## STORED DATA
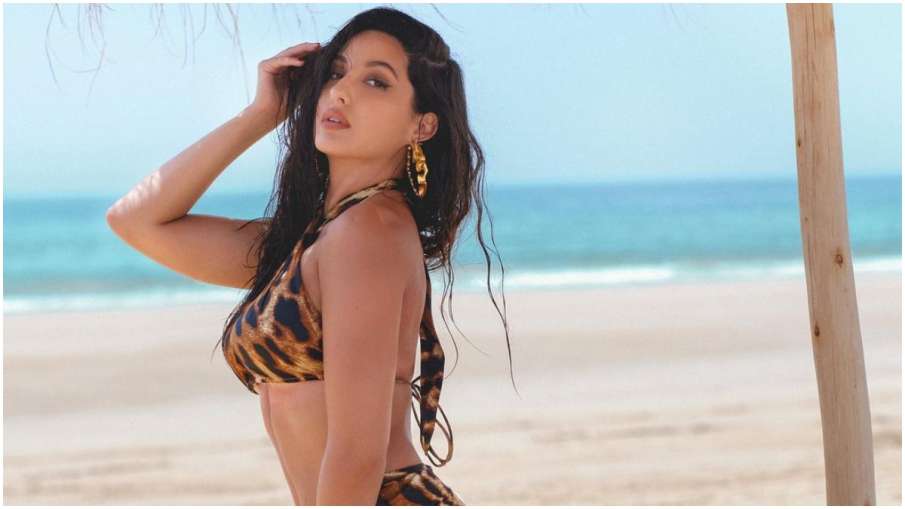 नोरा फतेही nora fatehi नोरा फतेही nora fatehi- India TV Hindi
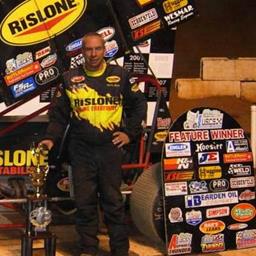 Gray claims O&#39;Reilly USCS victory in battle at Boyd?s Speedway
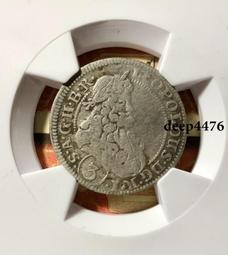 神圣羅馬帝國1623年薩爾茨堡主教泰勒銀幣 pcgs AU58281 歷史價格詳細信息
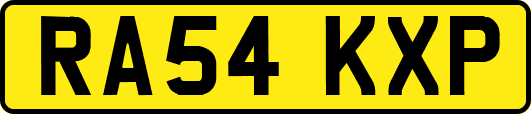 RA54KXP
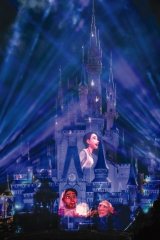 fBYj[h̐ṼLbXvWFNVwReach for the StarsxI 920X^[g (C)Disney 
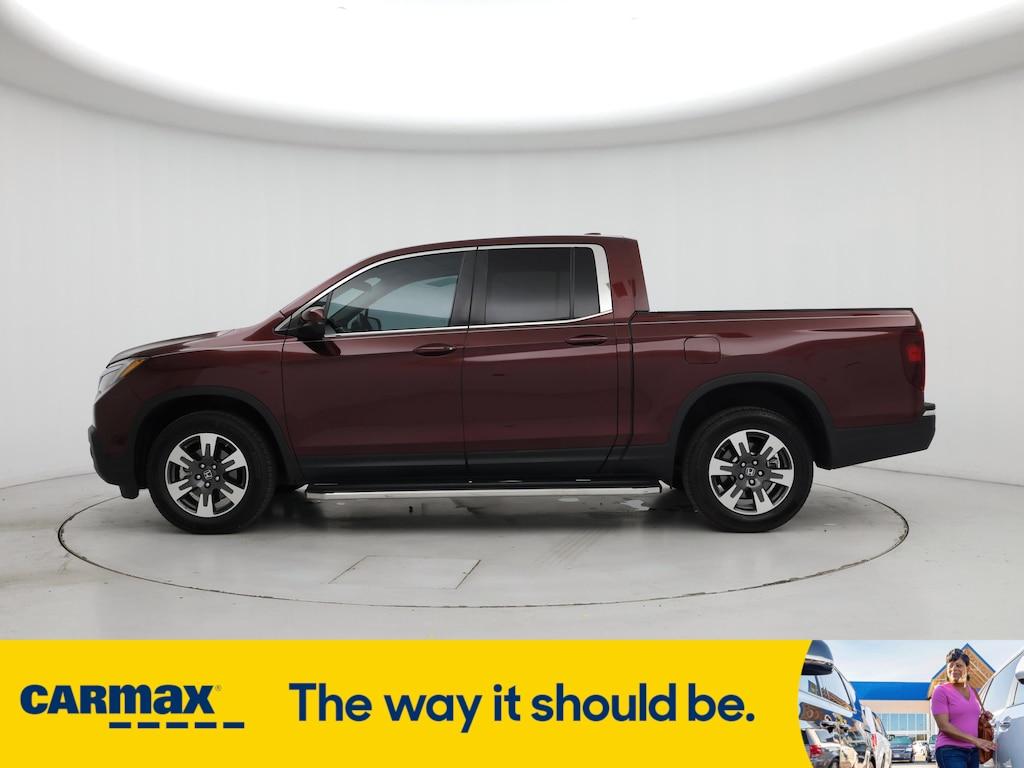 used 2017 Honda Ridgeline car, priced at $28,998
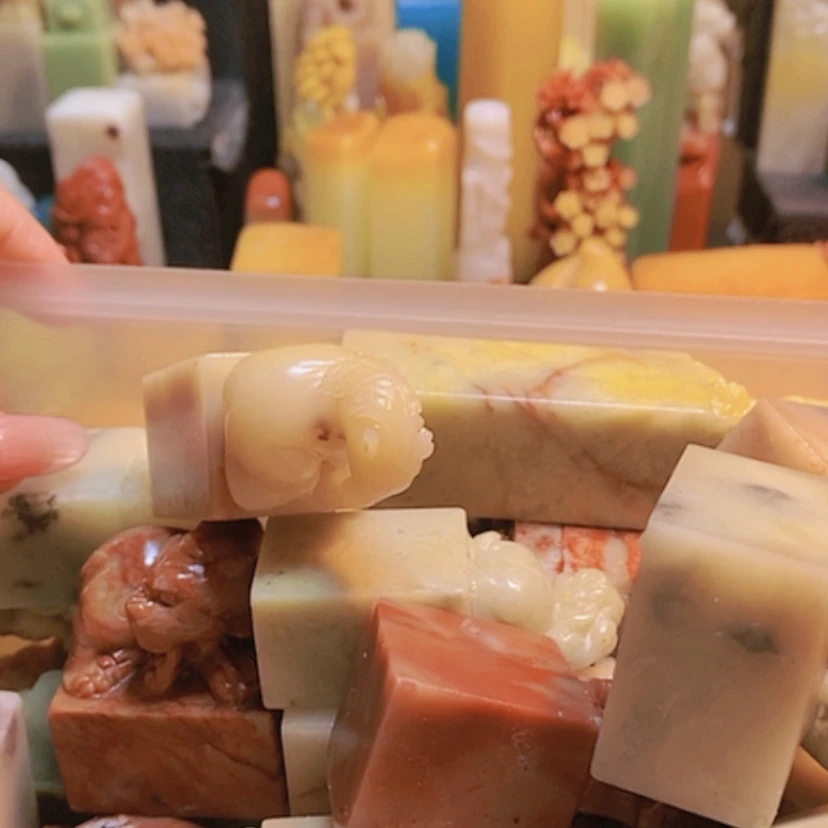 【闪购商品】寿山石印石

---

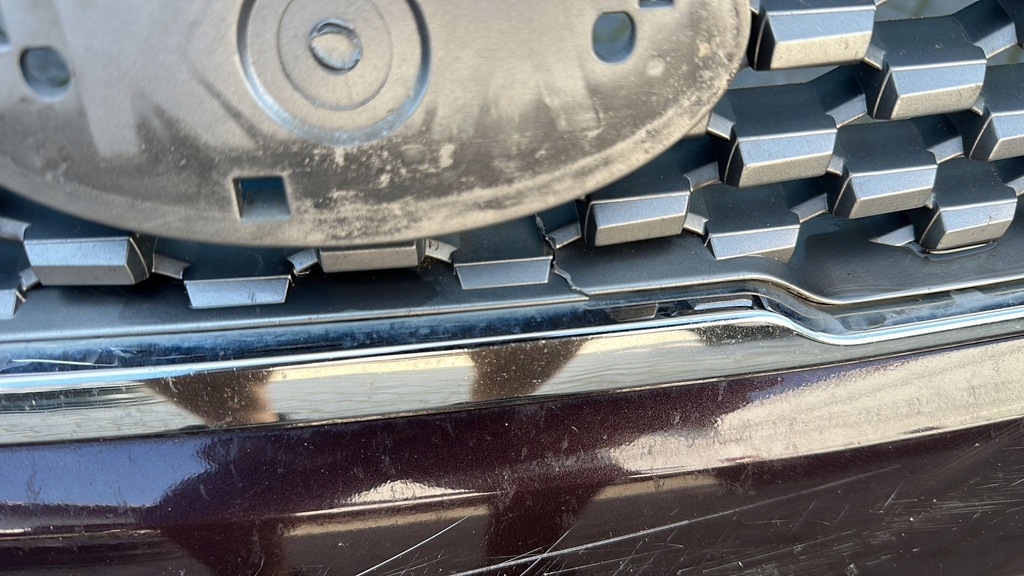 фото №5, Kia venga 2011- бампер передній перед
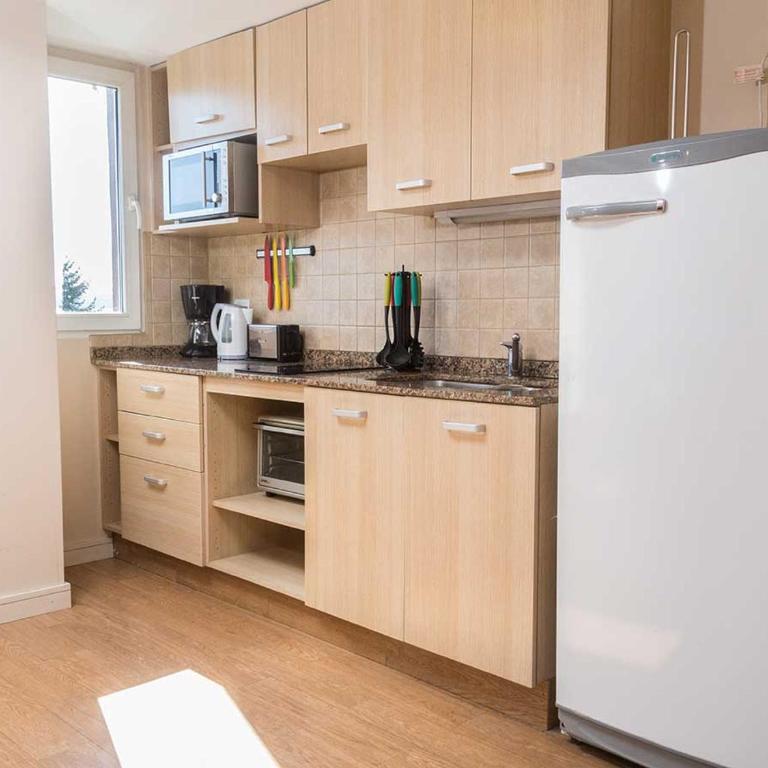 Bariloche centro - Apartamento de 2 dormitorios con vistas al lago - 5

## EXERCISE PROMPT
In the listing above, find the line containing "фото №5, Kia" and the line containing "Bariloche centro - Apartamento"; print those lines and every line between them exactly, leaving out pictures.

## ANSWER BOX
 фото №5, Kia venga 2011- бампер передній перед
 Bariloche centro - Apartamento de 2 dormitorios con vistas al lago - 5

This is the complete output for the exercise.